Dark chocolate viewed as functional food after industry marketing push, says Meiji
Dark chocolate viewed as functional food after industry marketing push, says Meiji

Japanese consumers are eating more dark chocolate at the expense of milk varieties as interest grows in cocoa polyphenols, says leading domestic chocolatier Meiji.

Milk chocolate is a growing category in Japan and will remain the country’s most popular chocolate category for the foreseeable future, but consumers are rapidly upping consumption of bitter chocolate, Yoshinori Doi, general manager of the production division at Meiji’s confectionery unit, said at the Asia Choco Cocoa Congress in Singapore.

Step change for all ages

“It’s a big change,” he said.
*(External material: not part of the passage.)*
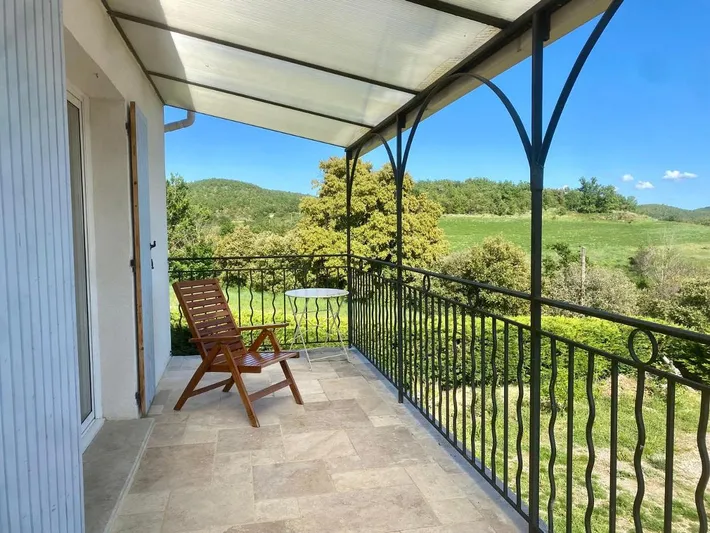 Casa de vacaciones para 4 personas, con vistas además de jardín y balcón - 1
He told ConfectioneryNews after his presentation that his company and industry associations had been promoting the benefit of cocoa polyphenols, which had led to the spike in consumption of dark chocolate, now widely viewed as a health food.

And it’s not only happening among older adults. “Growth of dark chocolate contributes in all age groups including young generations,” he said.
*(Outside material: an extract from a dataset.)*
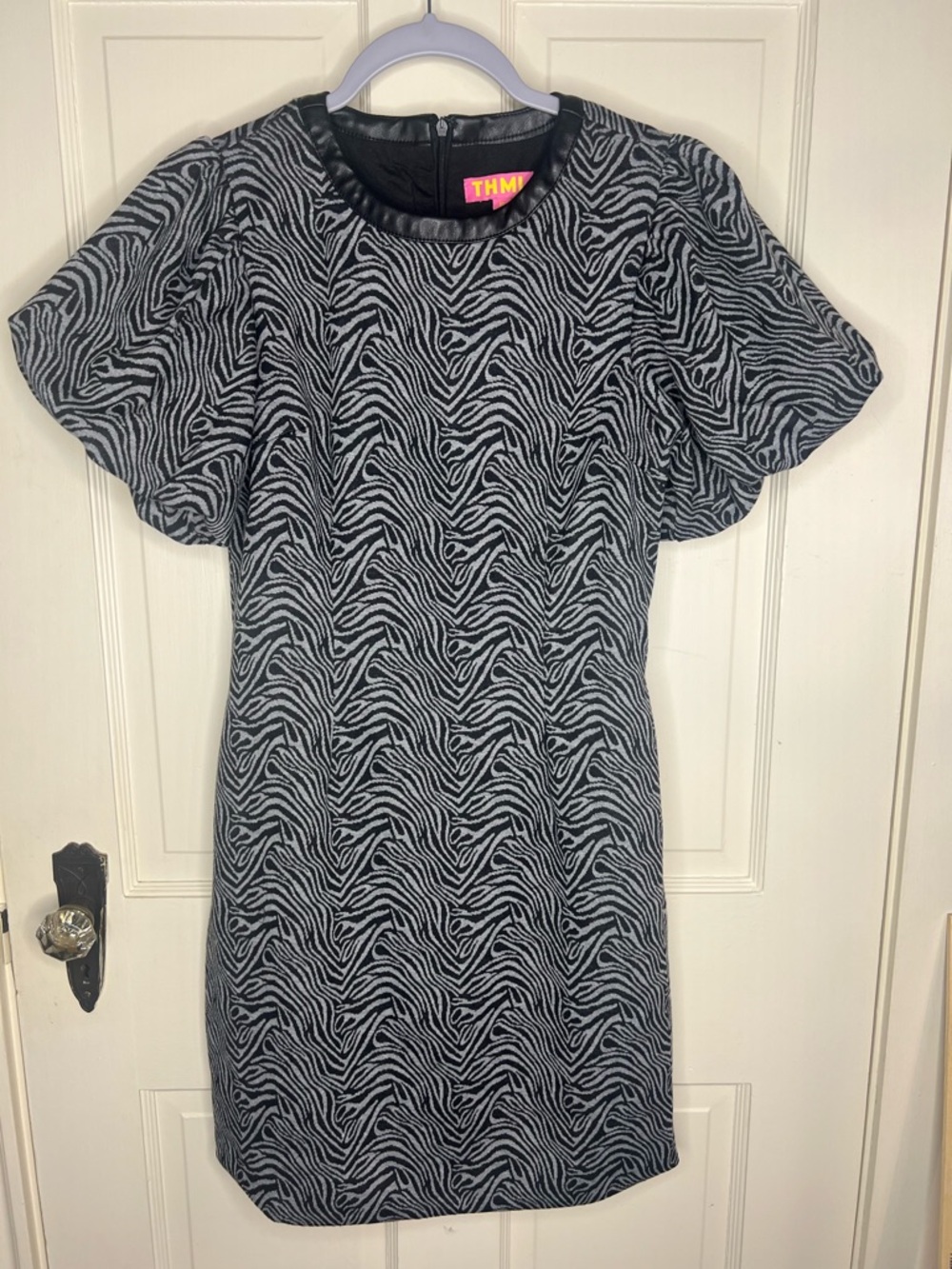 THML Black and Gray Zebra-Print Bubble Sleeve Dress Sz XS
Doi said that Japanese chocolate companies only mention products contains polyphenols and make no specific health claims.

A similiar trend towards dark chocolate can be seen in China. According to Euromonitor International, Chinese dark chocolate sales were just over RMB 600m ($97m) in 2006, but reached around RMB 1.5bn ($242m) in 2014. Last year, plain milk chocolate sales in the country were around RMB 1.7bn ($275m). Doi said that Chinese consumers were moving towards dark chocolate as they favored higher quality products.

Japan's chocolate consumption low by European standards.

25 years to raise consumption 0.5 kg

Japan is an established confectionery market but annual chocolate consumption, at 2 kg per capita, is still very low by Western European standards, which can be more than 10 kg in some countries such as Switzerland.

Doi said Japan had significant prospects to grow consumption to these levels, but warned it would be a gradual process.

“It took 25 years to reach 2 kg from 1.5 kg – it took so long,” he said.

The Japanese confectionery industry was valued at $27.4bn in 2013, up 2.5% on the prior year, according to Doi’s presentation.

Last year, chocolate overtook Japanese cakes as the country’s leading confectionery category by value sales for the first time. Chocolate values sales were $4.06bn in 2013, meaning the category made up 15% of the confectionery sector.

“Chocolate has become more familiar in Japanese people’s daily diets,” said Doi. “The bean to bar concept is becoming more popular in Japan also.”

Meiji is Japan's leading chocolate company with a 19% value share, according to Euromonitor.